Hyperspheres and quasispheres

21 May 2025

The unit \(n\)-sphere \(S^n\) is a Riemannian manifold which can be defined as the subset of \(\mathbb{R}^{n+1}\) satisfying \(x_1^2 + \dots + x_{n+1}^2 = 1\). We can obtain a parametrization by using the fact that the cross-sections with \(x_1\) fixed are \((n-1)\)-spheres of radius \(\sqrt{1-x_1^2}\). If we write \(x_1 = \cos\theta_1\) (with \(\theta_1\) ranging from \(0\) to \(\pi\), so that \(\cos\theta_1\) covers all the values from \(1\) to \(-1\)), then \(\sqrt{1-x_1^2}\) becomes the nicer expression \(\sin\theta_1\), and the sphere equation can be rewritten as

\[\left(\frac{x_2}{\sin\theta_1}\right)^2 + \dots + \left(\frac{x_{n+1}}{\sin\theta_1}\right)^2 = 1.\]
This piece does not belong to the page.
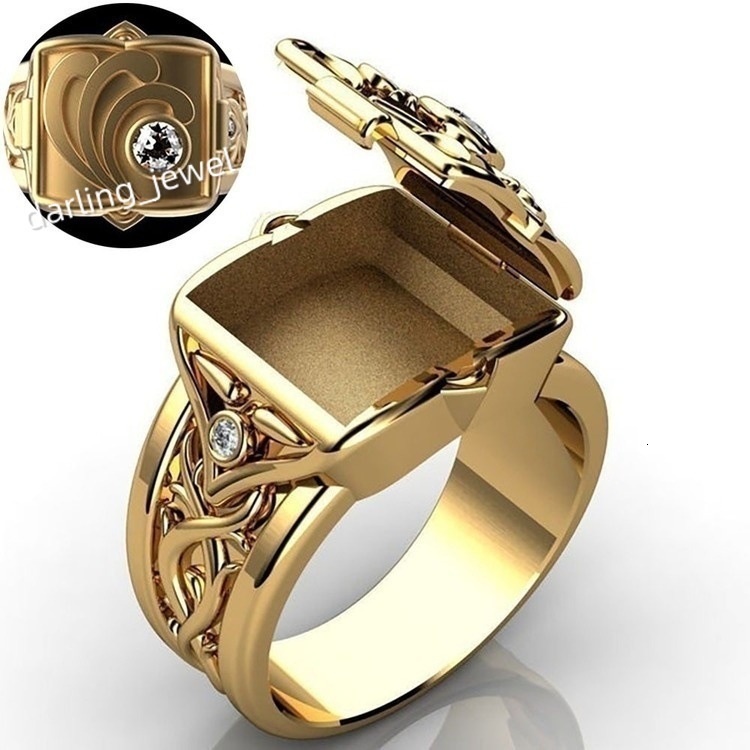 Fashion Mens Brass Ring Hip Hop Punk Creative Box Clamshell Ring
Applying the same trick again, we write \(x_2/\sin\theta_1 = \cos\theta_2\), so that the equation above can be written as

\[\left(\frac{x_3}{\sin\theta_1\sin\theta_2}\right)^2 + \dots + \left(\frac{x_{n+1}}{\sin\theta_1\sin\theta_2}\right)^2 = 1.\]

Then we write \(x_3/\sin\theta_1\sin\theta_2 = \cos\theta_3\), and so on. Eventually, the equation becomes that of a unit circle:

\[\left(\frac{x_n}{\sin\theta_1\cdots\sin\theta_{n-1}}\right)^2 + \left(\frac{x_{n+1}}{\sin\theta_1\cdots\sin\theta_{n-1}}\right)^2 = 1\]

Everyone knows how to parametrize this: \(x_n\) divided by whatnot is \(\cos\theta_n\), and \(x_{n+1}\) divided by whatnot is \(\sin\theta_n\). The full parametrization of the \(n\)-sphere is

\[\begin{align*} x_i = \left(\prod_{j=1}^{i-1}\sin\theta_j\right)\cos\theta_i\,&\quad \text{for } 1 \leq i \leq n\\ x_{n+1} = \prod_{j=1}^n\sin\theta_j,& \end{align*}\]

with \(\theta_1,\dots,\theta_{n-1} \in [0,\pi]\) and \(\theta_n \in [-\pi, \pi]\).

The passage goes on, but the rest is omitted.